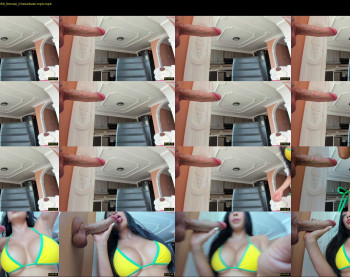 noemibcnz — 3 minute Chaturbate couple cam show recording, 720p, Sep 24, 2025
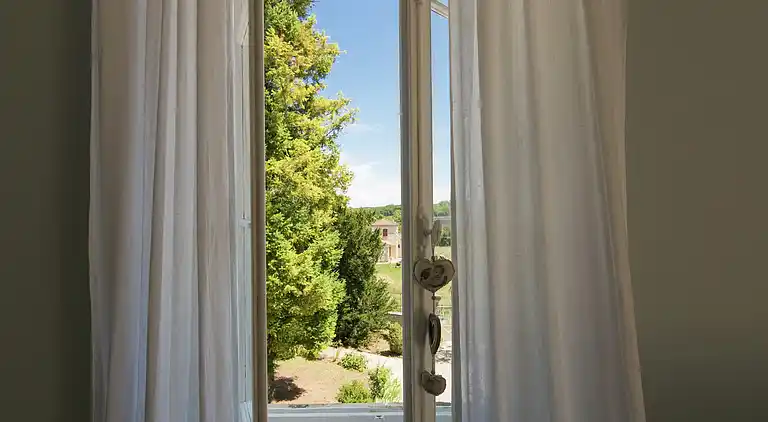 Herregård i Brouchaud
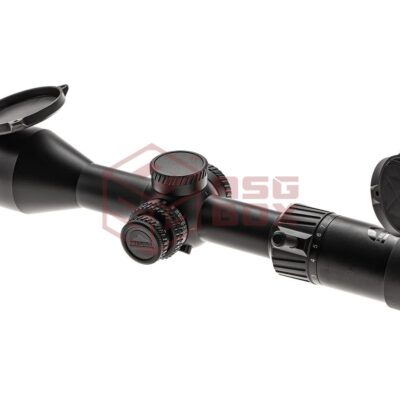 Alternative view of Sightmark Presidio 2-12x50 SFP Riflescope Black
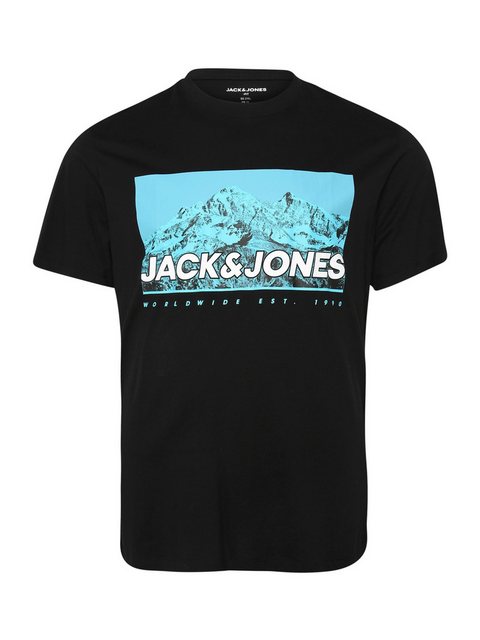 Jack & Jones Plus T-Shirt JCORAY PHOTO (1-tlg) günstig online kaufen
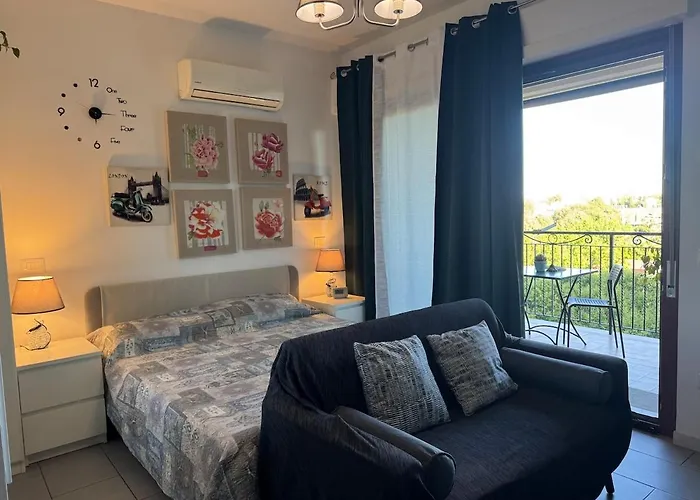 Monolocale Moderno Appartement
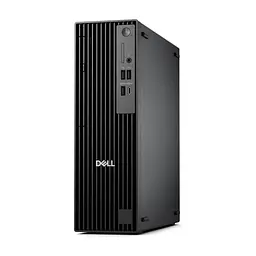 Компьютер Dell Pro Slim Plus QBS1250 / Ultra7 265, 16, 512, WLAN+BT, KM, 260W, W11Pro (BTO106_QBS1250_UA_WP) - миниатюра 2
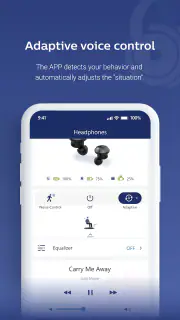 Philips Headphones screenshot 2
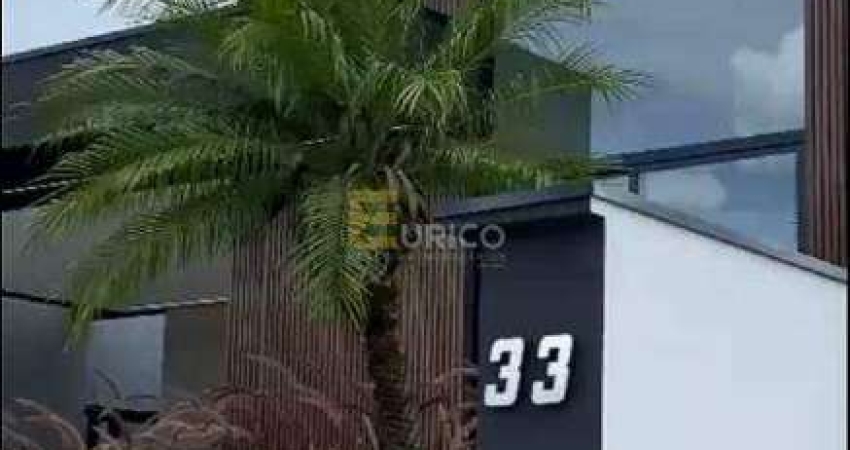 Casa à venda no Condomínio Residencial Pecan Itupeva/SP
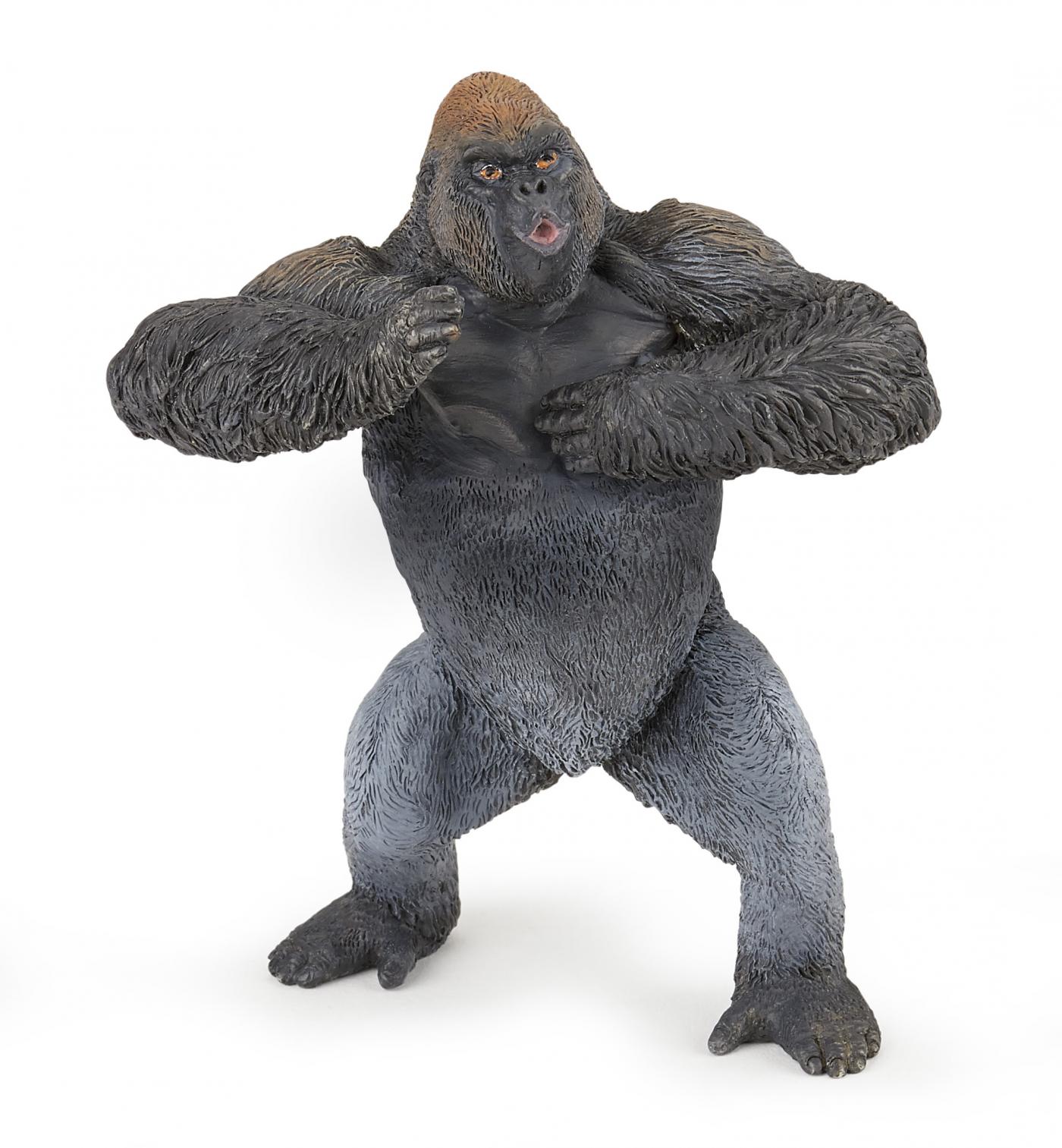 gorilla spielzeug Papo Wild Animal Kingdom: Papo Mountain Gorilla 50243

---

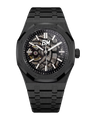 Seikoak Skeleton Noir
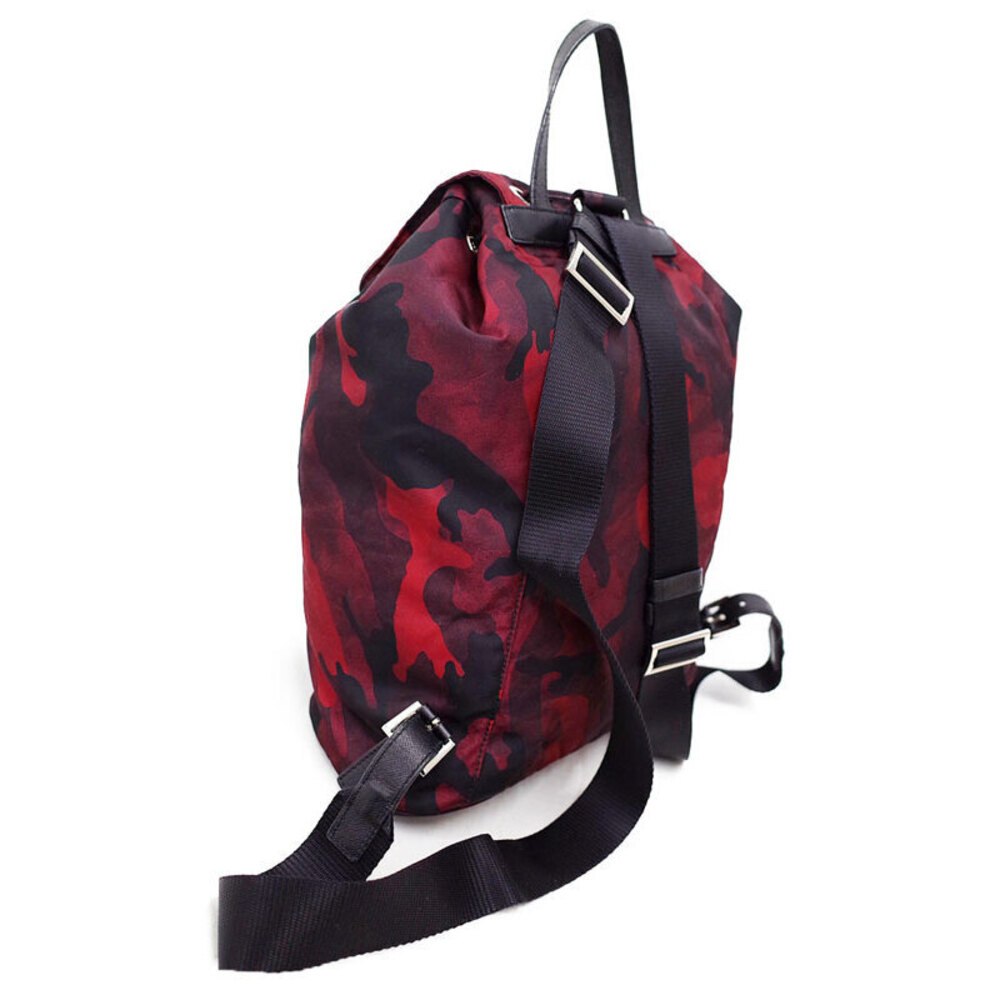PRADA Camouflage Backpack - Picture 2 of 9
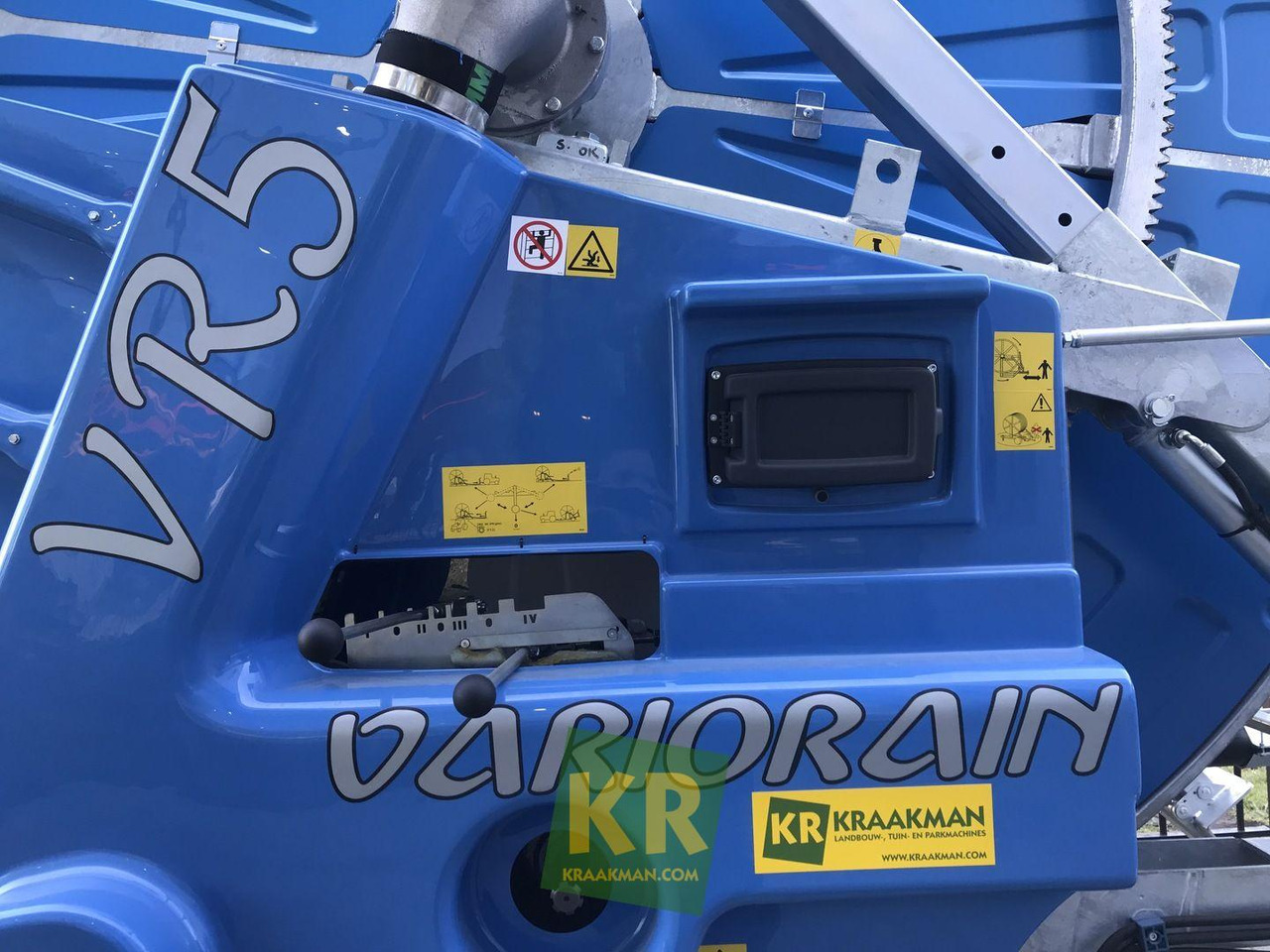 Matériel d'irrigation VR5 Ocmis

▶ **Exercise**: In the listing above, find the line containing "noemibcnz — 3" and the line containing "Monolocale Moderno Appartement". Reproduce those lines and all between them exactly, with no pictures and nothing more.

▶ **Response area**:
 noemibcnz — 3 minute Chaturbate couple cam show recording, 720p, Sep 24, 2025
 Herregård i Brouchaud
 Alternative view of Sightmark Presidio 2-12x50 SFP Riflescope Black
 Jack & Jones Plus T-Shirt JCORAY PHOTO (1-tlg) günstig online kaufen
 Monolocale Moderno Appartement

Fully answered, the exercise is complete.